→ **Task goal**: Where the line with "Summer Vibes T-Shirt" appears below, start writing out lines exactly, and finish with the line with "Mini USB Rechargeable", which is included; write out nothing else.

→ **Supplied material**:
□ □ □ □ □
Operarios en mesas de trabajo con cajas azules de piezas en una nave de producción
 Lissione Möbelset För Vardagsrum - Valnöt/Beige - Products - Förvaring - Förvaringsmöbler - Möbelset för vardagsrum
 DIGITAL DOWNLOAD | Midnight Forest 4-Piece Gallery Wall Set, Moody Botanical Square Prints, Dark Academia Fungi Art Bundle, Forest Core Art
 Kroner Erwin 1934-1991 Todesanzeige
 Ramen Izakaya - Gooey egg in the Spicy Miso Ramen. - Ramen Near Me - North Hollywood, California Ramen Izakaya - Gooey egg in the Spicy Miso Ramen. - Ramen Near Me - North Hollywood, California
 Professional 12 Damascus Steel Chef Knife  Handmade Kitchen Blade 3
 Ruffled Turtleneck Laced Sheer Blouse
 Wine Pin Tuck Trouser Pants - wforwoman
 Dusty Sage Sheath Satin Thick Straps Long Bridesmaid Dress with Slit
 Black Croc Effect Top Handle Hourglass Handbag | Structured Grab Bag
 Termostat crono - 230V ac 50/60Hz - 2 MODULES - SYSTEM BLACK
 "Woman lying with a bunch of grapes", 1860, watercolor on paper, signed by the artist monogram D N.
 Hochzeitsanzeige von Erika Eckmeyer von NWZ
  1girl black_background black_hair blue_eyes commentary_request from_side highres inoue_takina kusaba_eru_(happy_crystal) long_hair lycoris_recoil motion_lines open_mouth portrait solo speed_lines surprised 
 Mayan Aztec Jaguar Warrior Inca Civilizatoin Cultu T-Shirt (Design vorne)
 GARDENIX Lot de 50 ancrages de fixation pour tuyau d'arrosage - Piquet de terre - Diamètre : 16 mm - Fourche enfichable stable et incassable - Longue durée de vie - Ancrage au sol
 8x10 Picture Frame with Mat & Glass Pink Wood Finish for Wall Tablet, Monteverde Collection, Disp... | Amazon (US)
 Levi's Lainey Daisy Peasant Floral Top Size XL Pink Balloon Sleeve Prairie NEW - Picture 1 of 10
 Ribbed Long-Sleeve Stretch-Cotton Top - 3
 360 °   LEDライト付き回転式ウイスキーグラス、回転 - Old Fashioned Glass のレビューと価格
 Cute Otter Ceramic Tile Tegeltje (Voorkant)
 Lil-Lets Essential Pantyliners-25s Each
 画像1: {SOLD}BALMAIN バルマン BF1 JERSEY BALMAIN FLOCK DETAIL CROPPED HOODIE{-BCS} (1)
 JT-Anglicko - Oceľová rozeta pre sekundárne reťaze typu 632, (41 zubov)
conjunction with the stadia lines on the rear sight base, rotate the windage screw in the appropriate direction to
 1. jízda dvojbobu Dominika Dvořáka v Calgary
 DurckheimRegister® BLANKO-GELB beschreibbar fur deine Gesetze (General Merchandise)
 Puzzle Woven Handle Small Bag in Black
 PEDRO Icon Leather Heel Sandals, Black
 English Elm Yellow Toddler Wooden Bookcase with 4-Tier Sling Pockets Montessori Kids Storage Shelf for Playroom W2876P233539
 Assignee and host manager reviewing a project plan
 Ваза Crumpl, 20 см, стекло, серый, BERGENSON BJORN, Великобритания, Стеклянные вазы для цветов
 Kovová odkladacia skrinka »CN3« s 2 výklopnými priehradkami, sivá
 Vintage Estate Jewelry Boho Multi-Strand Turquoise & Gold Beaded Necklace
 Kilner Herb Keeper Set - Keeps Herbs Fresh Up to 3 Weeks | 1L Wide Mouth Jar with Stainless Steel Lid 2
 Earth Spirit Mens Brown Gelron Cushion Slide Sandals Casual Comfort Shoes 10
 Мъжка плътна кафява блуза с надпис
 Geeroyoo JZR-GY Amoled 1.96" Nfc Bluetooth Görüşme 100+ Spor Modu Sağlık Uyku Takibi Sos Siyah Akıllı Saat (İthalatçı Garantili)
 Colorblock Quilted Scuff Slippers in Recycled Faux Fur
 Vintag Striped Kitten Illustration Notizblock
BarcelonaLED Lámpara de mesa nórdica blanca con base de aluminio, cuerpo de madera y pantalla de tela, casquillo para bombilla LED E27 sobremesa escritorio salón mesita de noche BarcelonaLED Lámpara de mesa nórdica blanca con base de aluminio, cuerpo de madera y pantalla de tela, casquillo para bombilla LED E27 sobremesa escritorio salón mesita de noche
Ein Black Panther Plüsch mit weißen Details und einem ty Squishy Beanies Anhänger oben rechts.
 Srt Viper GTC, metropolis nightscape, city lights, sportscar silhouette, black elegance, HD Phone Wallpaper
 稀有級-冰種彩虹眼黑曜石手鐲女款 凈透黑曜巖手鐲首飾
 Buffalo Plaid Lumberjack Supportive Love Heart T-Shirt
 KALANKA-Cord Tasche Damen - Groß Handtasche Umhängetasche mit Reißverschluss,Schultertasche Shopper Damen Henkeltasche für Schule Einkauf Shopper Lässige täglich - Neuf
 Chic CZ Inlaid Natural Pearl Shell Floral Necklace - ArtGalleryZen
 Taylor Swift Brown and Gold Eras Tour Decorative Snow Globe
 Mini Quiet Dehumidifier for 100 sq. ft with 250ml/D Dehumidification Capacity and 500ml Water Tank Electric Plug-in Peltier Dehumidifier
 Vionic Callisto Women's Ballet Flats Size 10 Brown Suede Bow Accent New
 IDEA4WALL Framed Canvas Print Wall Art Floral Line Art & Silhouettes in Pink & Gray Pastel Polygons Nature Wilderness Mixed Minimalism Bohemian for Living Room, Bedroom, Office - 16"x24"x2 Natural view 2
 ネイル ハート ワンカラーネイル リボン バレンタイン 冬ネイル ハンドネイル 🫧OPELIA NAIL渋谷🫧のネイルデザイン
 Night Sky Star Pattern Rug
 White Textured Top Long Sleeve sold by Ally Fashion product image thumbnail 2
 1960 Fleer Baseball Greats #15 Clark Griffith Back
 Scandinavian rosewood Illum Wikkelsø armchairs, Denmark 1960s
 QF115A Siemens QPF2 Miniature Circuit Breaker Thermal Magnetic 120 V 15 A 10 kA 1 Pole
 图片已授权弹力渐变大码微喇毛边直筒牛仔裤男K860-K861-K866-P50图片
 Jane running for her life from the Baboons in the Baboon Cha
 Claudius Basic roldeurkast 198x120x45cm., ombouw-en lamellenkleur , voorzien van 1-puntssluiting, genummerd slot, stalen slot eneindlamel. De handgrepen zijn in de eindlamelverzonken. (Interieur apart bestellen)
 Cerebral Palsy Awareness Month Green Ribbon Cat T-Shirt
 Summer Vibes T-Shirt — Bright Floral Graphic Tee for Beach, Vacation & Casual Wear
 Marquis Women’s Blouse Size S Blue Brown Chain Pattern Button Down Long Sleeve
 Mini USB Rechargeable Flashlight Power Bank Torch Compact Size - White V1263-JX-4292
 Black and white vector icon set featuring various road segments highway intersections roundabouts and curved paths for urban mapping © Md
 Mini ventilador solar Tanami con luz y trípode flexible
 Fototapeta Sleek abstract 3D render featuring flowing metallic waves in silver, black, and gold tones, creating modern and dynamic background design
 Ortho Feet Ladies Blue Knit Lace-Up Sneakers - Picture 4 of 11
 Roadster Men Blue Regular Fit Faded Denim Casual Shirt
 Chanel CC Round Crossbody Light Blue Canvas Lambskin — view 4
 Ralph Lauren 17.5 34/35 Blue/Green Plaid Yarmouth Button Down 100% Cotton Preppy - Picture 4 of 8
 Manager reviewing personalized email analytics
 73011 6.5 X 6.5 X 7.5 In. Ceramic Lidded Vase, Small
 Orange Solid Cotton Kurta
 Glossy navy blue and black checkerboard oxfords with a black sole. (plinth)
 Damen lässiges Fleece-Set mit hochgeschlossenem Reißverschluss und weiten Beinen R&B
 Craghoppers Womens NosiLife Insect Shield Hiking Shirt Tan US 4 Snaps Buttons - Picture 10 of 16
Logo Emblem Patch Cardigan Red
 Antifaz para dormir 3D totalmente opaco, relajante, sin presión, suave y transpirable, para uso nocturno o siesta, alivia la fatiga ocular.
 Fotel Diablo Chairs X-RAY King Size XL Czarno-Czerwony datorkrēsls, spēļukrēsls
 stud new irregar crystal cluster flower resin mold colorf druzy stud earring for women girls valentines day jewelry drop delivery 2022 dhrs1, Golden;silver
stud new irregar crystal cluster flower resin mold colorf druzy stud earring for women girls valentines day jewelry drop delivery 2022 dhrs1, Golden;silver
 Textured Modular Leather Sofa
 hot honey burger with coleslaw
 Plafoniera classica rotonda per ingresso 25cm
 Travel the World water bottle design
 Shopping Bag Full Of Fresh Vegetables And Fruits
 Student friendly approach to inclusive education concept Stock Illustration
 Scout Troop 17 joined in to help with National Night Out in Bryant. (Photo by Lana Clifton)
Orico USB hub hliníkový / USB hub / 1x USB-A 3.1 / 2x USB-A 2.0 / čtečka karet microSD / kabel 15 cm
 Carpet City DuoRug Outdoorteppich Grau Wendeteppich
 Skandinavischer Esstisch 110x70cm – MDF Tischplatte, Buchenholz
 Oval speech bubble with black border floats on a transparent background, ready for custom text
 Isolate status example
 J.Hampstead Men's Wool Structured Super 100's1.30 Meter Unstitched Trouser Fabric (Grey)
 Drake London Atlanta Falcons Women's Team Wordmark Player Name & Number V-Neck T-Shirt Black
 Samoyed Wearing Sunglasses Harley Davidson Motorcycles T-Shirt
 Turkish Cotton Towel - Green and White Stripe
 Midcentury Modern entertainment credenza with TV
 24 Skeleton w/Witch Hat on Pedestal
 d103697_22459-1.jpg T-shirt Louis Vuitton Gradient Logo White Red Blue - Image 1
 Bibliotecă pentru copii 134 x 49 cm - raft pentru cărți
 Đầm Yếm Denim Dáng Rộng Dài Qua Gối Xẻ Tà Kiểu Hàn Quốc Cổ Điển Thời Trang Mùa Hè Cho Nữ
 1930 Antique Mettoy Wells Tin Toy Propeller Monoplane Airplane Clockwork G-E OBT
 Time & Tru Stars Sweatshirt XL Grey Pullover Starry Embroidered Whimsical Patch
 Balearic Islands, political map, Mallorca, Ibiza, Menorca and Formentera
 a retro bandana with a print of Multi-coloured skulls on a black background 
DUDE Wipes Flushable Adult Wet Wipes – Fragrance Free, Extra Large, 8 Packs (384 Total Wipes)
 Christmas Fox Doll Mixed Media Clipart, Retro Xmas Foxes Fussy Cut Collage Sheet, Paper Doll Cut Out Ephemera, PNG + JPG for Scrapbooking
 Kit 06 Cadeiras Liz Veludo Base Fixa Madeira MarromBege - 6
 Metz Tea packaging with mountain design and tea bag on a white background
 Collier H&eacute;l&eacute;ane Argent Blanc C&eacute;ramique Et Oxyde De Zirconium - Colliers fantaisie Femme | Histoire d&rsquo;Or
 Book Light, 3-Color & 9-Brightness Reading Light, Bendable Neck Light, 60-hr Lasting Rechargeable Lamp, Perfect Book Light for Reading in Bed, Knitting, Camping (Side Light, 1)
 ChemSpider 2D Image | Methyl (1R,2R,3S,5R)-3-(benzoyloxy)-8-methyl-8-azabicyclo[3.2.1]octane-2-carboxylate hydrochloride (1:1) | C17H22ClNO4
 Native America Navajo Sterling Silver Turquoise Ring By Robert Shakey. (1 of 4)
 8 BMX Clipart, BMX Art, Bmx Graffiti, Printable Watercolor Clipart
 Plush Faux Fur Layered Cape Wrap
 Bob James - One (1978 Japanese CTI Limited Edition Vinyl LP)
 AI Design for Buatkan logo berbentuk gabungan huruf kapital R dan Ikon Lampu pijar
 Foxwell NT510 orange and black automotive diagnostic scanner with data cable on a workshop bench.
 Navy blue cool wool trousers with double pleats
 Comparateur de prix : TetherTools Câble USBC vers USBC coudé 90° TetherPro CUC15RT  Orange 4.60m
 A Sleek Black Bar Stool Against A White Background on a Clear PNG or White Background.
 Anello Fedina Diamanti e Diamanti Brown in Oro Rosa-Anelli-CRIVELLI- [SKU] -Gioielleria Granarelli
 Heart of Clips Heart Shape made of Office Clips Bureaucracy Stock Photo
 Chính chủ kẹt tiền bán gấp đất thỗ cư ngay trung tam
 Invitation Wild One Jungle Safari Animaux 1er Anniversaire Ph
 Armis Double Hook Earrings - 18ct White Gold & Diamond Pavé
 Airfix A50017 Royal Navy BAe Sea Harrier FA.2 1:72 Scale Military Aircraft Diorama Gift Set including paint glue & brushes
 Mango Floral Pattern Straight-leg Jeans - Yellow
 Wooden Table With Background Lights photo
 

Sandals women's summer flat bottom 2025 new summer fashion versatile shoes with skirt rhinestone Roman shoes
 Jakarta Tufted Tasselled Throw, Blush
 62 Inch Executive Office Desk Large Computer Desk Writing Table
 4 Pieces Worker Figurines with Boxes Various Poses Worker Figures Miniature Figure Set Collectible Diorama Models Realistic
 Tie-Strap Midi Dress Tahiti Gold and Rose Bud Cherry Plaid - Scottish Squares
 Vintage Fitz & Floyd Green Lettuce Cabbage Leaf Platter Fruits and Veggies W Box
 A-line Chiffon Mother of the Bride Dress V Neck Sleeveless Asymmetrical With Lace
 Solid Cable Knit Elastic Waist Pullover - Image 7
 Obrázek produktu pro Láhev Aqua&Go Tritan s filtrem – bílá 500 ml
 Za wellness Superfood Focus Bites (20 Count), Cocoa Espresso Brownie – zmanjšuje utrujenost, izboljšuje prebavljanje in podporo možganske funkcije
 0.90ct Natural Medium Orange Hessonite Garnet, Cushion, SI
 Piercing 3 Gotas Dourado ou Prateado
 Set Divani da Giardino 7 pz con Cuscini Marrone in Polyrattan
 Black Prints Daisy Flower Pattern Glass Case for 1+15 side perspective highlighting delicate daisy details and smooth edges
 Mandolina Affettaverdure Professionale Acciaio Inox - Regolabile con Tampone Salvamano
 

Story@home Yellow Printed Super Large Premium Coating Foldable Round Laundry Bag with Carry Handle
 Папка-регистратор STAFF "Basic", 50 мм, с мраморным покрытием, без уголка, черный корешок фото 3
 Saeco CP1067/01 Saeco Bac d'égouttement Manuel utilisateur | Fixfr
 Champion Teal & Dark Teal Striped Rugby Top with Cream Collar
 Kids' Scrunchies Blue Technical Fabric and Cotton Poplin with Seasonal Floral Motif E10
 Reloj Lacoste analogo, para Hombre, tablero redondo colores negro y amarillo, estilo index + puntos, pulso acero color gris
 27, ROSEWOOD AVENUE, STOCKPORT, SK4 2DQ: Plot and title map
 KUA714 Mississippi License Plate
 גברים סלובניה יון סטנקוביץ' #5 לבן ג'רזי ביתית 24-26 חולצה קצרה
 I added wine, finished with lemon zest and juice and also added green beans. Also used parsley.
□ □ □ □ □
→ **Task answer**:
 Summer Vibes T-Shirt — Bright Floral Graphic Tee for Beach, Vacation & Casual Wear
 Marquis Women’s Blouse Size S Blue Brown Chain Pattern Button Down Long Sleeve
 Mini USB Rechargeable Flashlight Power Bank Torch Compact Size - White V1263-JX-4292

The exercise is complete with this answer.